**Task requirements**
Write out, exactly and in full, the line where "Sangju,South Korea Elevation Map" appears together with all lines that follow it in the entries below. Do not include pictures.

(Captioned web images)
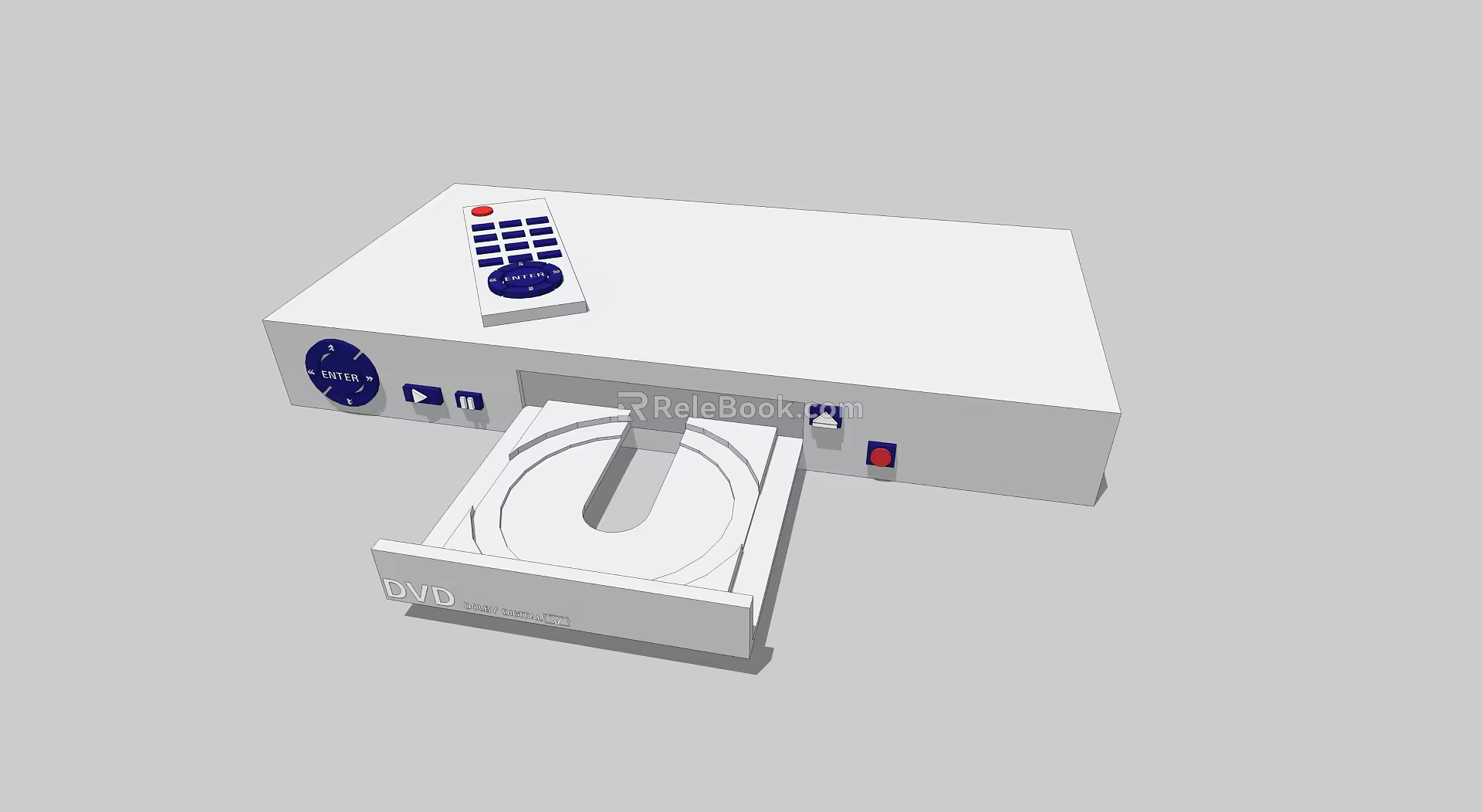 Modern DVD Remote Control 3d model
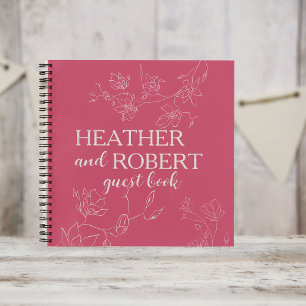 Libro de invitados Magenta Boho Boda Floral Spiral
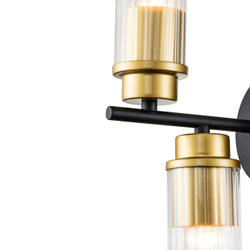 Настенный светильник 2x40Вт E14, металл/стекло, золото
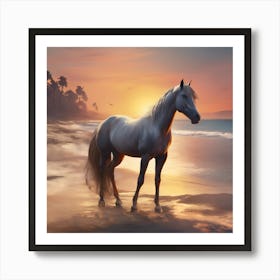 0 Horse On The Beach At Sunset Esrgan V1 X2plus Art Print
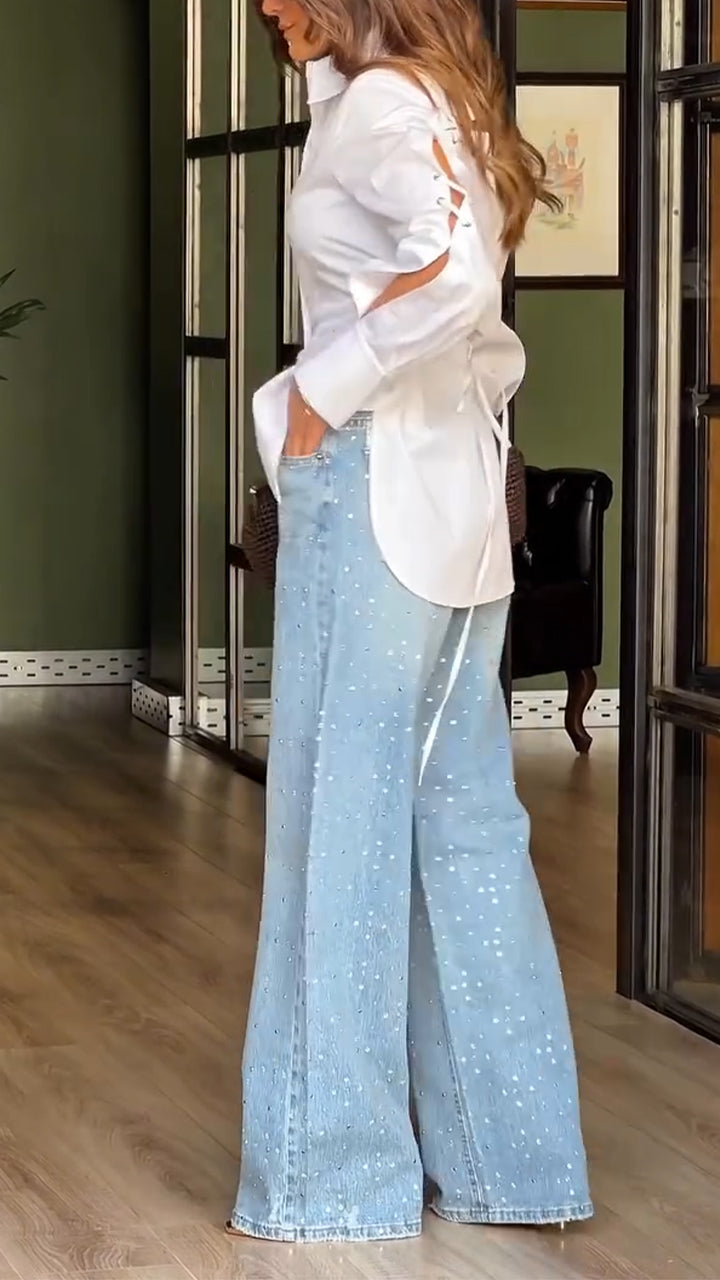 Women Collar Back Hollow Strap Design Shirt + Rhinestone Washed Denim Jeans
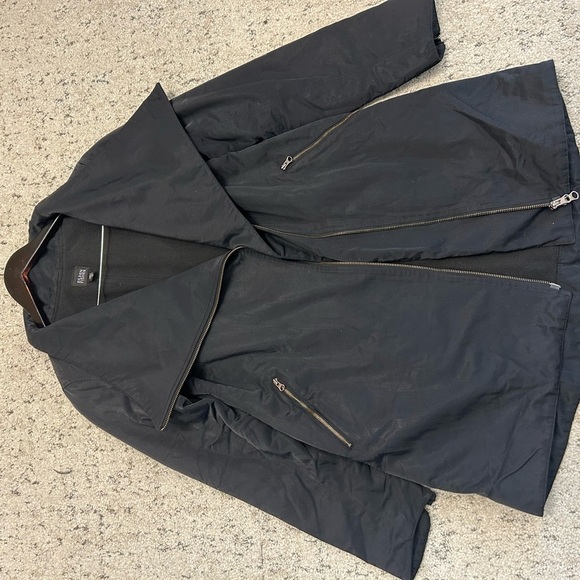 Eileen Fisher XS fleece lined GUC Utility Jacket Asymmetrical Zipper High Collar - Picture 6 of 14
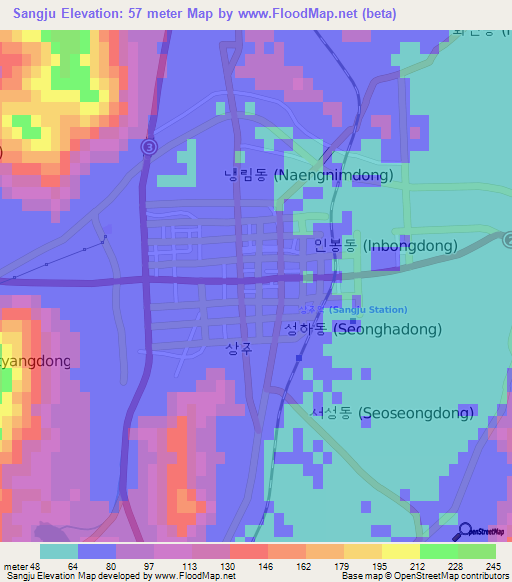 Sangju,South Korea Elevation Map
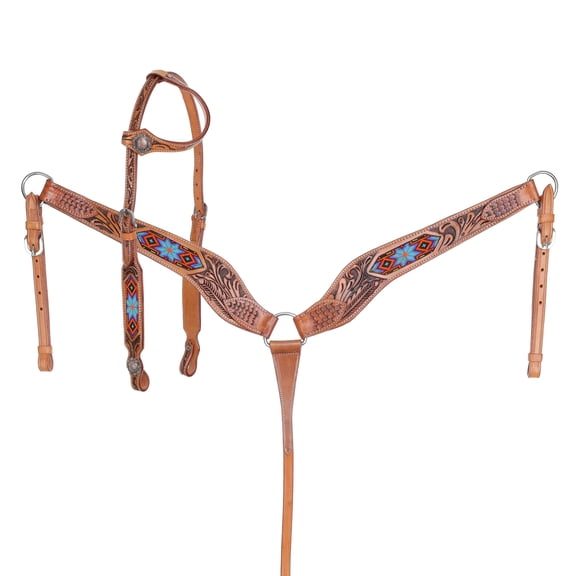 Showman Spirit Star Beaded Single Ear Headstall & Breast Collar Set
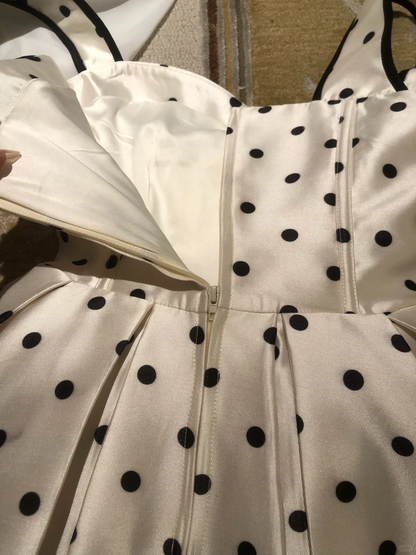 Cute A Line Strap Bow Polka Dot Satin Short Homecoming Dress Cocktail Dress SH3087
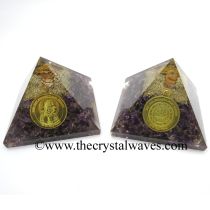 Amethyst Chips Orgone Pyramid With Shree Maha Mrityunjaya Kavach / Protection Yantra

**Your solution**
 Sangju,South Korea Elevation Map
 Showman Spirit Star Beaded Single Ear Headstall & Breast Collar Set
 Cute A Line Strap Bow Polka Dot Satin Short Homecoming Dress Cocktail Dress SH3087
 Amethyst Chips Orgone Pyramid With Shree Maha Mrityunjaya Kavach / Protection Yantra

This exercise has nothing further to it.